A second pattern, common to all regions, is related to mining and agriculture activities. While the former has a participation high in value added and low in employment, agriculture contributes more to workers than to economic production. These results support the hypothesis of significant regional disparities, both inter and intra-regional, which has been previously documented in the literature (Bonet & Meisel, 2001; Galvis & Meisel, 2010). The next step is to analyse intra-regional differences, specifically the share of each sector on the total value added and workers.
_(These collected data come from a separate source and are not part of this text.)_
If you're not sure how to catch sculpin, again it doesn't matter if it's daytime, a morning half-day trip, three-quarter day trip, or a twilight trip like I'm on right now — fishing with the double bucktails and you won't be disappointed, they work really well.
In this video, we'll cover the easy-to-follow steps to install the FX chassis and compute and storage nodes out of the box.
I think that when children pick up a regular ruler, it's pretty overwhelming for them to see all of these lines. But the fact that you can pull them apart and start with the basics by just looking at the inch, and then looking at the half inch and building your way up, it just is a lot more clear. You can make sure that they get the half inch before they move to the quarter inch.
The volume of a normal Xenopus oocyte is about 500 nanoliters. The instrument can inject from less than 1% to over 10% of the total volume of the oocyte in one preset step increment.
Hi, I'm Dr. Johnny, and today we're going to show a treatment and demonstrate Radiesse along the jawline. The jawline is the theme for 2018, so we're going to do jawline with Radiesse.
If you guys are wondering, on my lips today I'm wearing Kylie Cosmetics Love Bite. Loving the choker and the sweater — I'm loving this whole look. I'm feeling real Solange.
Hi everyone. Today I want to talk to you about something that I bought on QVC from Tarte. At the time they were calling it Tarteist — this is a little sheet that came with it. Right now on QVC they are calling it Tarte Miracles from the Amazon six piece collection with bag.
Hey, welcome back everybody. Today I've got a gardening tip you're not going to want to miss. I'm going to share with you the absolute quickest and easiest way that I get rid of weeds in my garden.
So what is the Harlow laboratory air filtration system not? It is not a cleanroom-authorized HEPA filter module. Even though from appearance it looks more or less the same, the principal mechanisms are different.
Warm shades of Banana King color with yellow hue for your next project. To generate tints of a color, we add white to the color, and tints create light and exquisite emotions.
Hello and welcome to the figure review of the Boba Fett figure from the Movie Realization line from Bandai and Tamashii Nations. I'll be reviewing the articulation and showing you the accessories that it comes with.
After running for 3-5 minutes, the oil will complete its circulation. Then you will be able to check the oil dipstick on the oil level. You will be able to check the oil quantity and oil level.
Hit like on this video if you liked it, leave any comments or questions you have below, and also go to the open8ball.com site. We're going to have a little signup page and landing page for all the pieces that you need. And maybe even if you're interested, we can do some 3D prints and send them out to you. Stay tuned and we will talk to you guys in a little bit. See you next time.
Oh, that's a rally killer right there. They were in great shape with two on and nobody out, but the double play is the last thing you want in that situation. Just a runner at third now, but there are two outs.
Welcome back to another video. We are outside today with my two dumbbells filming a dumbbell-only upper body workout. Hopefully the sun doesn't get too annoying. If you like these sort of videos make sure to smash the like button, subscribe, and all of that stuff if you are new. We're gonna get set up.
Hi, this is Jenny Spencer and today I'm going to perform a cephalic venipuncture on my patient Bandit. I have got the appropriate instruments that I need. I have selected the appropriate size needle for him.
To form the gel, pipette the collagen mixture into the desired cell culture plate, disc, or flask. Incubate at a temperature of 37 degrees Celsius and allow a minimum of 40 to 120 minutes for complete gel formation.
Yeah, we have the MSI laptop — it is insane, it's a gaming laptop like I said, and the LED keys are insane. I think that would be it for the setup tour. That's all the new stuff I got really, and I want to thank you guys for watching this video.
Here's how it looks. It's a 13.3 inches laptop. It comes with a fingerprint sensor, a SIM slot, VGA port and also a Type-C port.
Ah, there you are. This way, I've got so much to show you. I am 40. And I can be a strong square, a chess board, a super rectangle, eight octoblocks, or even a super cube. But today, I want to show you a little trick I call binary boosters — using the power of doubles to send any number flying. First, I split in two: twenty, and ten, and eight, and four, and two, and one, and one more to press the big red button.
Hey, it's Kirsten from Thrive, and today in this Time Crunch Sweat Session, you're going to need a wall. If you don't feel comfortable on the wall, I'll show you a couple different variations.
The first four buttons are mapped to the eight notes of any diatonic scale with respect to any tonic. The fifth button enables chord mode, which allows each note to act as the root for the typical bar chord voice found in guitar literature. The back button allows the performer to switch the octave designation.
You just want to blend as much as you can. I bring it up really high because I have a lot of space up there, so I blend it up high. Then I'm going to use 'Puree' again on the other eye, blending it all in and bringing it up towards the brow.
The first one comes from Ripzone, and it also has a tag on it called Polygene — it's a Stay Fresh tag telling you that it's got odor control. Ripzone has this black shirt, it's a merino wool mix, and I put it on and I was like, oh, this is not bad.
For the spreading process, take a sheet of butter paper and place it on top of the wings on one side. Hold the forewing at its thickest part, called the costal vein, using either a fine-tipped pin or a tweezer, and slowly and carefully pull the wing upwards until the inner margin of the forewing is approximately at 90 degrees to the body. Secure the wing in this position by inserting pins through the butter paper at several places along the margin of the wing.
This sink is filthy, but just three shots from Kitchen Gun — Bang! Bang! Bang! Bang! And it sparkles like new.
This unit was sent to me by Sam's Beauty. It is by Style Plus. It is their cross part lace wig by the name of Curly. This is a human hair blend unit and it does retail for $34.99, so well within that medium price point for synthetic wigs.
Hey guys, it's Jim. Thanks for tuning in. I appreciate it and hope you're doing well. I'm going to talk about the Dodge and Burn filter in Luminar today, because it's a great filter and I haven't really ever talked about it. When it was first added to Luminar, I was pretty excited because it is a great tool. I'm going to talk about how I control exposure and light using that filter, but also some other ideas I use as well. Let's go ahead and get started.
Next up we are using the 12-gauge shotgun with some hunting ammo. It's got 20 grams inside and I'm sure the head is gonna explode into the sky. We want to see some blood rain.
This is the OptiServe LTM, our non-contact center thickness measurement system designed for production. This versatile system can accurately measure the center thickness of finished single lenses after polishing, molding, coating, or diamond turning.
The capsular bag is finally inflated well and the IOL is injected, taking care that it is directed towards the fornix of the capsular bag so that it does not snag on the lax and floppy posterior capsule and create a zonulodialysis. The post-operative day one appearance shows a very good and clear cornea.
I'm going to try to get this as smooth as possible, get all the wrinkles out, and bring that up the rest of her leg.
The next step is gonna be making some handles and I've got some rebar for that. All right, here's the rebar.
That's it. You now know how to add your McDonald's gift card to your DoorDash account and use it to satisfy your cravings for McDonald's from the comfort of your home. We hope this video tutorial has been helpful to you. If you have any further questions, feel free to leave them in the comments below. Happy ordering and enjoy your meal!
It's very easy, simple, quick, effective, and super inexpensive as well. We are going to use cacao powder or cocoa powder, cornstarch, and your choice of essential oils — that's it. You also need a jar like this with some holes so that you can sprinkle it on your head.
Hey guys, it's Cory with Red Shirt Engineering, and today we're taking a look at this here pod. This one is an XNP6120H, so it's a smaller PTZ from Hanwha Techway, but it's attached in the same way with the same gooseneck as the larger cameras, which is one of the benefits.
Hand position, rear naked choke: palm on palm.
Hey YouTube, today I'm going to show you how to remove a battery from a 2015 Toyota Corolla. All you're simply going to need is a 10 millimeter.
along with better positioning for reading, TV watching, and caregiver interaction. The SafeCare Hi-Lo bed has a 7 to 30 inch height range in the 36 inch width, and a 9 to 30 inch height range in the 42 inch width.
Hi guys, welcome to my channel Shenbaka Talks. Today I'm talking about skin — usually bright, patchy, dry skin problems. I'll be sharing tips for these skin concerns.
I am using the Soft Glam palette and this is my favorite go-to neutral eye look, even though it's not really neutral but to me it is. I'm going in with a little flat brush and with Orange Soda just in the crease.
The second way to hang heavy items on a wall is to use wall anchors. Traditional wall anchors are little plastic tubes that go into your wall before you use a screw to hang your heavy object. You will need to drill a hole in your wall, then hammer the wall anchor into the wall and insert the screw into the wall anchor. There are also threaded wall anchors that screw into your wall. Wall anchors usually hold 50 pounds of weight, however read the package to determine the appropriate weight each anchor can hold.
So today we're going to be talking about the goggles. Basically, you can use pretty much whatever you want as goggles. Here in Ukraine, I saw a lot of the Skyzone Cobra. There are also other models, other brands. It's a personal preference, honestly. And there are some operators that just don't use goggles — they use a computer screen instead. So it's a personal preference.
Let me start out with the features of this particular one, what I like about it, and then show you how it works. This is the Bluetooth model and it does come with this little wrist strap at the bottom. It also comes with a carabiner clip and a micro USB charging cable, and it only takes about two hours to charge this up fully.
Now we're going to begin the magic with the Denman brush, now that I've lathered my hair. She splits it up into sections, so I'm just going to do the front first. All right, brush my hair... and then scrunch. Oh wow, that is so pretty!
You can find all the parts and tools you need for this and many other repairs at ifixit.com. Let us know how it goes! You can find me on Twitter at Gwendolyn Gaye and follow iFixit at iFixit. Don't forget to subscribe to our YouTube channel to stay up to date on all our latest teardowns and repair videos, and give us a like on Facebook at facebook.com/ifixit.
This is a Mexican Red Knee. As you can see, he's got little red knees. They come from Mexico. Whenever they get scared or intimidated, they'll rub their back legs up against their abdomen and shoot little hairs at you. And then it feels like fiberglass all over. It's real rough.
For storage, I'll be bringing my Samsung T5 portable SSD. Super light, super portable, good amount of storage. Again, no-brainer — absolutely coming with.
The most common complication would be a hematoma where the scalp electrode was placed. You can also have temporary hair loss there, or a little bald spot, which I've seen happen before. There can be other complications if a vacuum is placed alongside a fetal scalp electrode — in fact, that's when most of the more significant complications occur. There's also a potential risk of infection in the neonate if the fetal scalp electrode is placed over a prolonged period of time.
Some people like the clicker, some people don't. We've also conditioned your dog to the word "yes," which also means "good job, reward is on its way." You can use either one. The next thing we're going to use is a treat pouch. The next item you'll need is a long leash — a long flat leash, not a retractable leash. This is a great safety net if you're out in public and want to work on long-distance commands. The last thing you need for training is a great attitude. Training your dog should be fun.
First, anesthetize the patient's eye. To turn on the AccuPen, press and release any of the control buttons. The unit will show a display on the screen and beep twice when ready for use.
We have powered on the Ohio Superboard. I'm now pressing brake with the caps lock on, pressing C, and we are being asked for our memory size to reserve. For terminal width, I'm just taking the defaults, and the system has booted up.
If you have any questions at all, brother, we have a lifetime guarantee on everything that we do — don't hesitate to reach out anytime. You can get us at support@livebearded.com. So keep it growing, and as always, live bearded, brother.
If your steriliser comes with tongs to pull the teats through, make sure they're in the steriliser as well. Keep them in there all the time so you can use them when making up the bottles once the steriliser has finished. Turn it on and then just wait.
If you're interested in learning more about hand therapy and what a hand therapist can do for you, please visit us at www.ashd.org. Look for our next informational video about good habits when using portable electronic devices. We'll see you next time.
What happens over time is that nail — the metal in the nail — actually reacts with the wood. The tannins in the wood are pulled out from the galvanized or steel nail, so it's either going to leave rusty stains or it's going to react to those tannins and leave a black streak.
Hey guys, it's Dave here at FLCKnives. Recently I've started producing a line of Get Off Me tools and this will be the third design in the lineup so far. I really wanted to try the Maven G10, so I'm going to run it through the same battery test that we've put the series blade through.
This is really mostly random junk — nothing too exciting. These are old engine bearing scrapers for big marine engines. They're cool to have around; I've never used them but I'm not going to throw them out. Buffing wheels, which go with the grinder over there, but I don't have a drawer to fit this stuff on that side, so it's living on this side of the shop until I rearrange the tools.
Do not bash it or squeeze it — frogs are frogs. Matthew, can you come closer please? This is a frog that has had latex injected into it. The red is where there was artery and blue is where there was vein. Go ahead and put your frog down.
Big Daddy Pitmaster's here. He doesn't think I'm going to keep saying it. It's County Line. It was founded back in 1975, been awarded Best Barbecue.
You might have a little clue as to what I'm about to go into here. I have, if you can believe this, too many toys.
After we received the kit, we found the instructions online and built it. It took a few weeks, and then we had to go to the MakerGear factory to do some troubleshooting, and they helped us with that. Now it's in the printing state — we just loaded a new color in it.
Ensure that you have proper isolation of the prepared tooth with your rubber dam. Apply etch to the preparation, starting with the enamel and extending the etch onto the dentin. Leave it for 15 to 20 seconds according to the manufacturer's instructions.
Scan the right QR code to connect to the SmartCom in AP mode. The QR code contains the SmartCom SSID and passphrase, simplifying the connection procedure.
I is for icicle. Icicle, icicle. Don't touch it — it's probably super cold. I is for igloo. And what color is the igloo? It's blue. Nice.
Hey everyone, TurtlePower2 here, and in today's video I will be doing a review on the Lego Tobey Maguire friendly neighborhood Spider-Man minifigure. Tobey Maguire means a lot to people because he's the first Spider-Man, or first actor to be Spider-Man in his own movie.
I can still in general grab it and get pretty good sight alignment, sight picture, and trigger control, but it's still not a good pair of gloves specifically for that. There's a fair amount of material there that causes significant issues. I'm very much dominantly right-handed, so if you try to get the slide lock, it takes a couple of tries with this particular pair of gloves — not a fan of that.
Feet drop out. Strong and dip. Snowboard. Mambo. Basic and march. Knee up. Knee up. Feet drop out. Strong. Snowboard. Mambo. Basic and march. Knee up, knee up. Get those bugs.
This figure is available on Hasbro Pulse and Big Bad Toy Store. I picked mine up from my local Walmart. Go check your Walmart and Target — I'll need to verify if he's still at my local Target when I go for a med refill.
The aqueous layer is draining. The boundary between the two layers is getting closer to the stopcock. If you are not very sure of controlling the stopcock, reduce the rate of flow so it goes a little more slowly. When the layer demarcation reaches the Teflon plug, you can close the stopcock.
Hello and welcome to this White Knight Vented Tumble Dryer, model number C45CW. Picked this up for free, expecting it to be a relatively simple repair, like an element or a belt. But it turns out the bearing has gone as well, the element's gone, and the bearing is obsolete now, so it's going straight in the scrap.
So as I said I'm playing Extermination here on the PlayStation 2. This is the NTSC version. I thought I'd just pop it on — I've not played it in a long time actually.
Starting with the Caribbean region, San Andrés stands out as a department where nearly all the value added (97.2%) and workforce (93%) is related to the services sector. This island is highly dependent on tourism related activities such as accommodation and food services. Although less so than San Andrés, the other departments in the region also have a high contribution of services to value added and employment. Also, agriculture and livestock comprise an important proportion of labour in this region.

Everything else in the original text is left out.